(Input material)
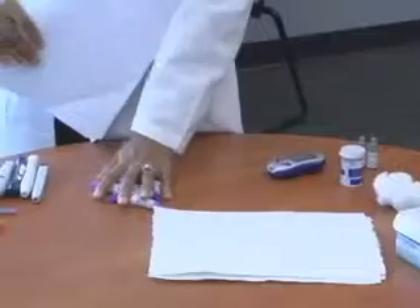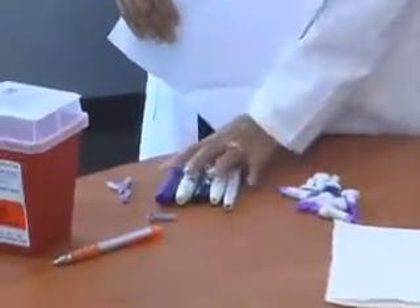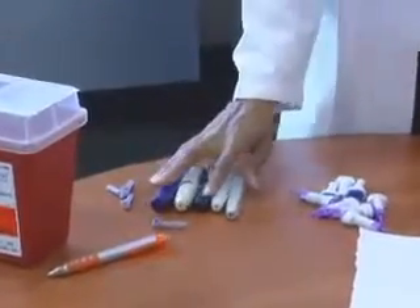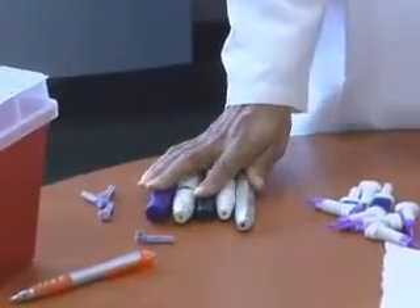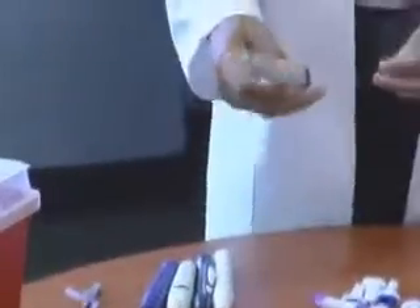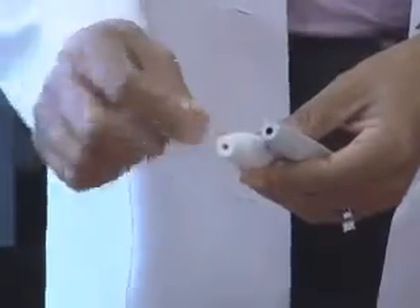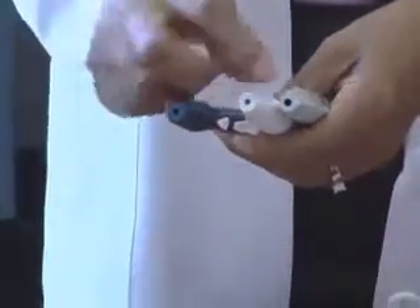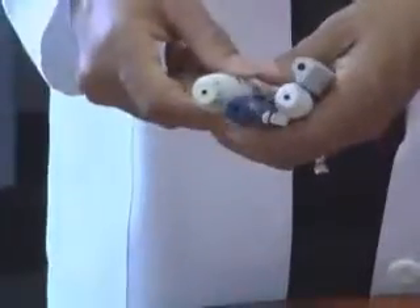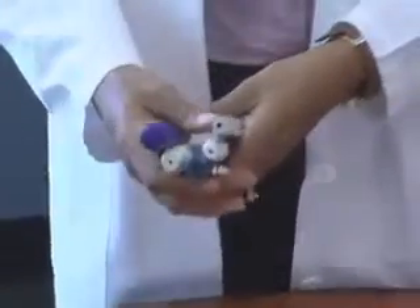You'll want to have disposable lancets and not these types of lancet devices. These lancet devices are meant to only be used on one patient. You never want to use the type of lancet devices that you sell to your patients to do blood glucose screening, because blood can get down into the bottom or the tips of these devices and you could potentially infect another patient and expose them to bodily fluids. So you never ever use these types of lancet devices to do diabetes screenings.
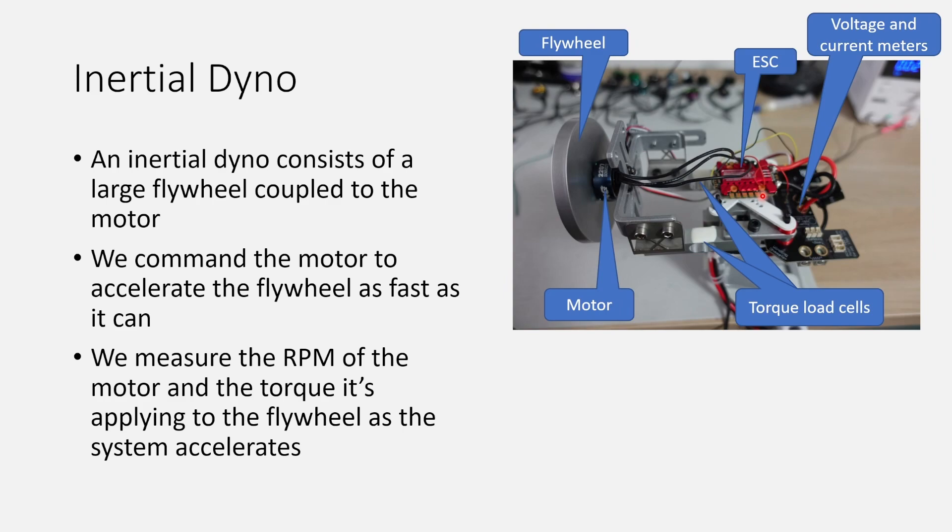Let's start with a quick recap of what an inertial dyno is. An inertial dyno consists of a large flywheel coupled to the motor, and that motor is connected to the ESC. We command the ESC to accelerate the motor as fast as it can at a certain throttle setting. We measure the torque that the motor is exerting on the flywheel using load cells and measure the RPM using an optical tape. At the same time we measure the voltage and current delivered to the ESC, giving us a complete picture of ESC performance.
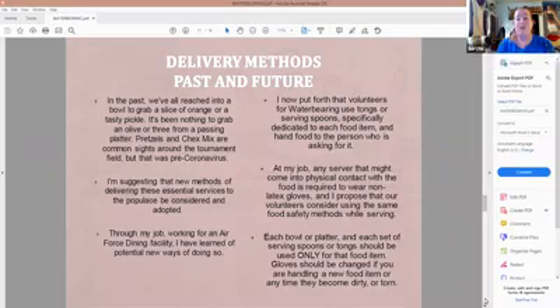In the past we've all reached into a bowl to grab a slice of orange or a pickle. Olives are my weakness — every time the olives come around I grab two or three from a passing platter. We've had pretzels and Chex Mix — common sights around the tournament field — but that was all pre-coronavirus. I now put forth that volunteers for water bearing use tongs or serving spoons specifically dedicated to each food item and hand food to the person asking for it. Each set of tongs needs to be dedicated to that food item; you can't use the orange tongs for the olives or pickles — that's cross-contaminating your food sources.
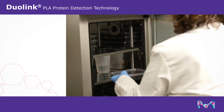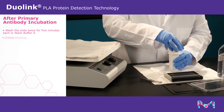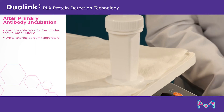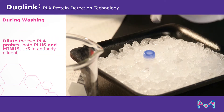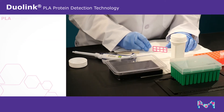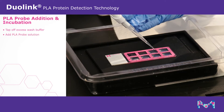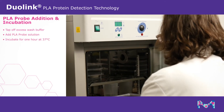After incubation, wash the slide twice for five minutes each in wash buffer A with gentle orbital shaking at room temperature. During washing, dilute the two Duolink PLA probes together 1 to 5 in antibody diluent. Tap off excess wash buffer and add the PLA probe solution to each well. Incubate for one hour at 37 degrees Celsius.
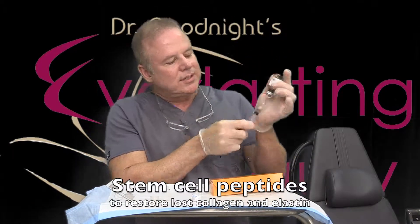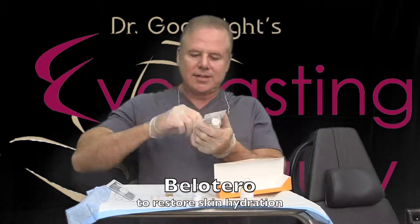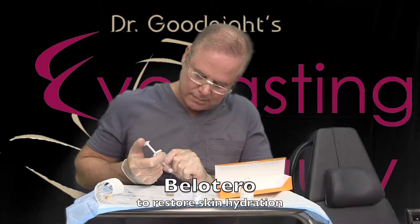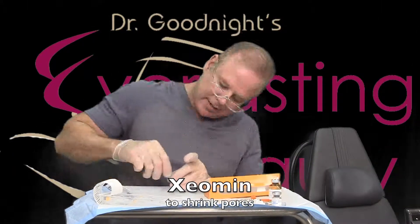I draw up half a vial of the AMP aesthetic stem cell peptides to restore lost collagen and elastin, the Balotero to restore the lost hydration to the skin, and then the Zeman to shrink the pores and decrease some of the oiliness of the face.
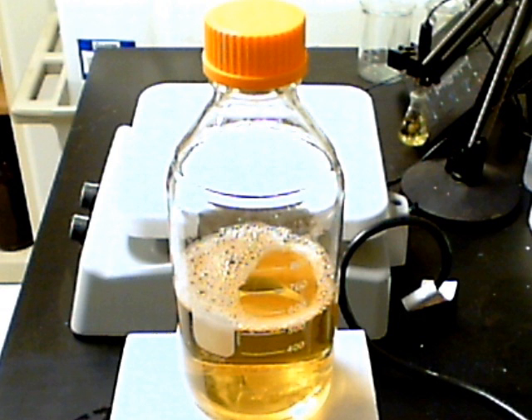Carefully pour the liquid into a container that is safe for autoclaving, such as shown in the example. Autoclaving is necessary to kill any microorganisms, such as bacteria or fungi, that may have contaminated the solution. Sterile or aseptic conditions are an absolute requirement when using microbiological techniques. This solution is now ready to be autoclaved, and can then be poured into petri dishes or culture tubes to be used in our study.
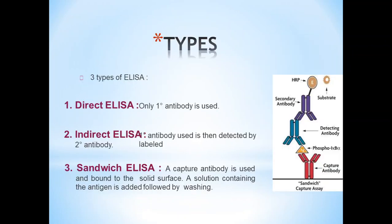There are three types of ELISA: Direct ELISA, where only the primary antibody is used; Indirect ELISA, where the primary antibody is used and then detected by a labeled secondary antibody; and Sandwich ELISA, where a capture antibody is bound to a solid surface and a solution containing the antigen is added, followed by washing.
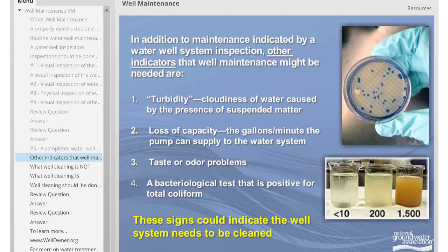In addition to maintenance indicated by a water well system inspection, other indicators that well maintenance might be needed are: 1) turbidity, which is cloudiness of water caused by the presence of suspended matter; 2) a loss of capacity, which is the gallons per minute of water the pump can supply to the water system; 3) taste or odor problems; and 4) a bacteriological test that is positive for total coliform. These signs could indicate that the well system needs to be cleaned.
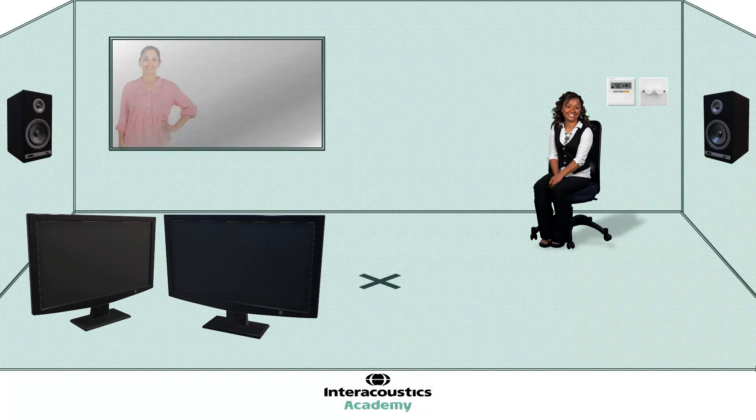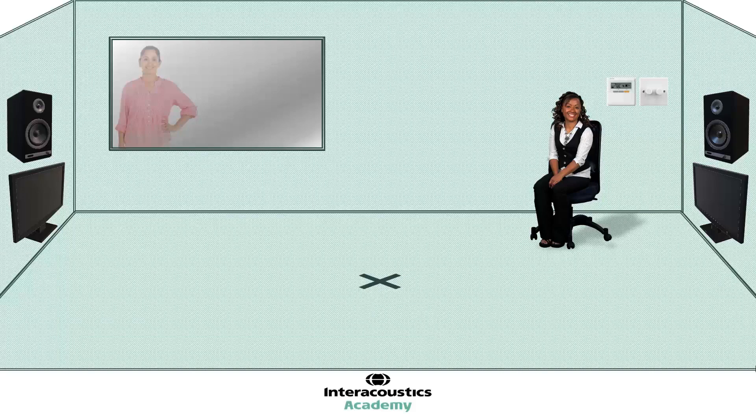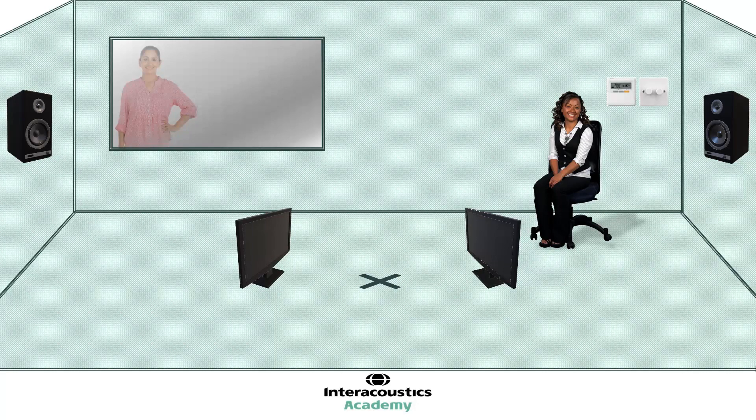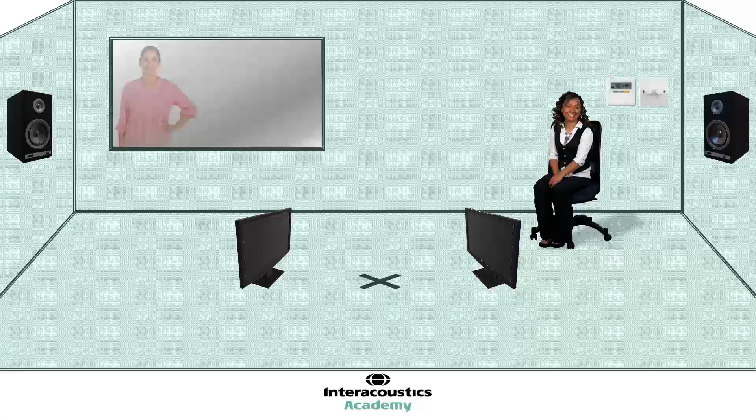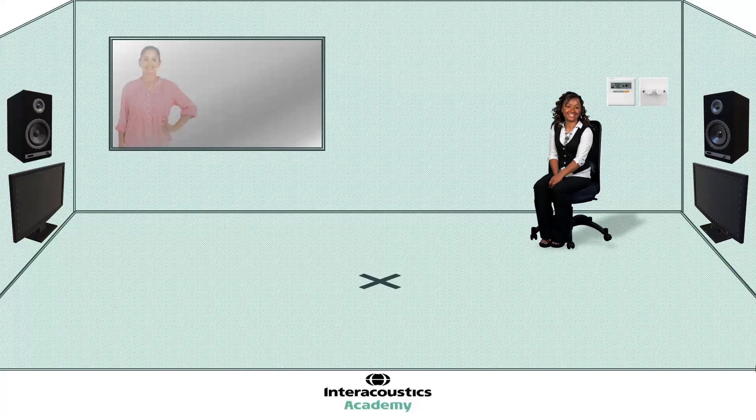Next, we require our visual reinforcement system, which could be a toy box, or in this case, a digital screen system. Ideally, the visual reinforcers should be located as close as possible to the speakers, and in line with the patient's head, in order to elicit the strongest and clearest head turn and to help with ongoing reinforcement. A really nice option to have available is the ability to move the reinforcers closer to the patient in case there are any issues with vision development. This is also very useful for the youngest VRA patients. Mounting the reinforcers on moveable brackets or a stand with wheels are two good options here.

(How to complete this task)
Keep the pictures out and transcribe the listing exactly.

(Solved exercise)
You'll want to have disposable lancets and not these types of lancet devices. These lancet devices are meant to only be used on one patient. You never want to use the type of lancet devices that you sell to your patients to do blood glucose screening, because blood can get down into the bottom or the tips of these devices and you could potentially infect another patient and expose them to bodily fluids. So you never ever use these types of lancet devices to do diabetes screenings.
Let's start with a quick recap of what an inertial dyno is. An inertial dyno consists of a large flywheel coupled to the motor, and that motor is connected to the ESC. We command the ESC to accelerate the motor as fast as it can at a certain throttle setting. We measure the torque that the motor is exerting on the flywheel using load cells and measure the RPM using an optical tape. At the same time we measure the voltage and current delivered to the ESC, giving us a complete picture of ESC performance.
In the past we've all reached into a bowl to grab a slice of orange or a pickle. Olives are my weakness — every time the olives come around I grab two or three from a passing platter. We've had pretzels and Chex Mix — common sights around the tournament field — but that was all pre-coronavirus. I now put forth that volunteers for water bearing use tongs or serving spoons specifically dedicated to each food item and hand food to the person asking for it. Each set of tongs needs to be dedicated to that food item; you can't use the orange tongs for the olives or pickles — that's cross-contaminating your food sources.
After incubation, wash the slide twice for five minutes each in wash buffer A with gentle orbital shaking at room temperature. During washing, dilute the two Duolink PLA probes together 1 to 5 in antibody diluent. Tap off excess wash buffer and add the PLA probe solution to each well. Incubate for one hour at 37 degrees Celsius.
I draw up half a vial of the AMP aesthetic stem cell peptides to restore lost collagen and elastin, the Balotero to restore the lost hydration to the skin, and then the Zeman to shrink the pores and decrease some of the oiliness of the face.
Carefully pour the liquid into a container that is safe for autoclaving, such as shown in the example. Autoclaving is necessary to kill any microorganisms, such as bacteria or fungi, that may have contaminated the solution. Sterile or aseptic conditions are an absolute requirement when using microbiological techniques. This solution is now ready to be autoclaved, and can then be poured into petri dishes or culture tubes to be used in our study.
There are three types of ELISA: Direct ELISA, where only the primary antibody is used; Indirect ELISA, where the primary antibody is used and then detected by a labeled secondary antibody; and Sandwich ELISA, where a capture antibody is bound to a solid surface and a solution containing the antigen is added, followed by washing.
In addition to maintenance indicated by a water well system inspection, other indicators that well maintenance might be needed are: 1) turbidity, which is cloudiness of water caused by the presence of suspended matter; 2) a loss of capacity, which is the gallons per minute of water the pump can supply to the water system; 3) taste or odor problems; and 4) a bacteriological test that is positive for total coliform. These signs could indicate that the well system needs to be cleaned.
Next, we require our visual reinforcement system, which could be a toy box, or in this case, a digital screen system. Ideally, the visual reinforcers should be located as close as possible to the speakers, and in line with the patient's head, in order to elicit the strongest and clearest head turn and to help with ongoing reinforcement. A really nice option to have available is the ability to move the reinforcers closer to the patient in case there are any issues with vision development. This is also very useful for the youngest VRA patients. Mounting the reinforcers on moveable brackets or a stand with wheels are two good options here.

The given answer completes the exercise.